José Claudio Ribeiro da Silva e Maria de Espirito | Fonte: Revista Trip

 

Uma guerra em curso, organizada para o extermínio, para calar, oprimir no cerco e na perseguição a pequenos agricultores, indígenas, trabalhadores, extrativistas. Os conflitos já deixaram milhares de vítimas em assassinatos registrados em aldeias remotas e florestas tropicais, com as comunidades indígenas mais atingidas. José Claudio Ribeiro da Silva e sua esposa Maria do Espírito Santo, ativistas da Amazônia que fizeram campanha contra o desmatamento ilegal, foram mortos em uma emboscada em maio de 2011. Essa violência é produto de uma Indústria mortal: a mineração. Raimundo dos Santos Rodrigues, morto no dia 25 de agosto de 2016 em Bom Jardim, no Maranhão/Brasil foi atacado quando voltava para casa com sua esposa, cruelmente assassinados. Rodrigues integrava o Conselho Consultivo da Reserva Biológica do Gurupi e do Instituto Chico Mendes de Conservação da Biodiversidade (ICMBio). O ativista denunciou crimes ambientais cometidos por fazendeiros e madeireiras da região. Depois de seu assassinato, vários integrantes de comunidades locais abandonaram a região.

 

Um outro Mundo é possível

Mas os defensores ambientais e as comunidades que vivem em florestas remotas ou aldeias afetadas pela mineração, barragens, exploração madeireira ilegal, biopirataria e agronegócios não estão sozinhos. Em sua defesa, organizações internacionais se articulam. Um Projeto lançado pelo The Guardian em colaboração com a Global Witness se levanta e diz: basta! Além do registro das mortes de todos em defesa do meio ambiente, pretendem produzir, repercutir e informar sobre acontecimentos nas últimas regiões selvagens do mundo, bem como dos países mais industrializados do planeta, sobre o trabalho dos defensores ambientais e as ameaças contra eles. A Global Witness é uma ONG internacional criada em 1993 para averiguar vínculos entre a exploração de recursos naturais e conflitos, pobreza, corrupção e abusos de direitos humanos a nível mundial.

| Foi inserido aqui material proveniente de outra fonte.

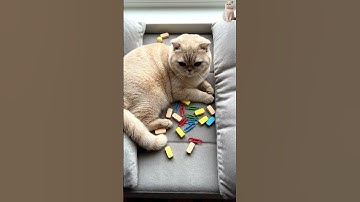Reverse Magic! 😺 Watch This British Shorthair Cat Go Crazy 💛 #cat #shorts #viral #funny #cute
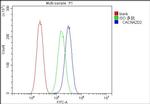 CACNA2D2 Antibody in Flow Cytometry (Flow)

Um dos lideres na Global Witness, Billy Kyte, nos passou uma relação de contatos de pessoas de diversos países que estão em luta, inclusive no Brasil, país que contabilizou 49 defensores mortos em 2016 – número que pode ser surpreendentemente muito maior. Billy é um dos maiores defensores de ativistas que lutam para proteger suas terras, florestas e cursos de água contra a expansão da agricultura em grande escala, barragens, mineração, exploração madeireira e outras ameaças. A equipe de Billy monitora mortes e defende reformas destinadas a evitar que a competição por recursos gere conflitos. Eles também investigam as causas profundas da violência em países, pressionam Governos para monitorar os abusos e trazer criminosos à justiça.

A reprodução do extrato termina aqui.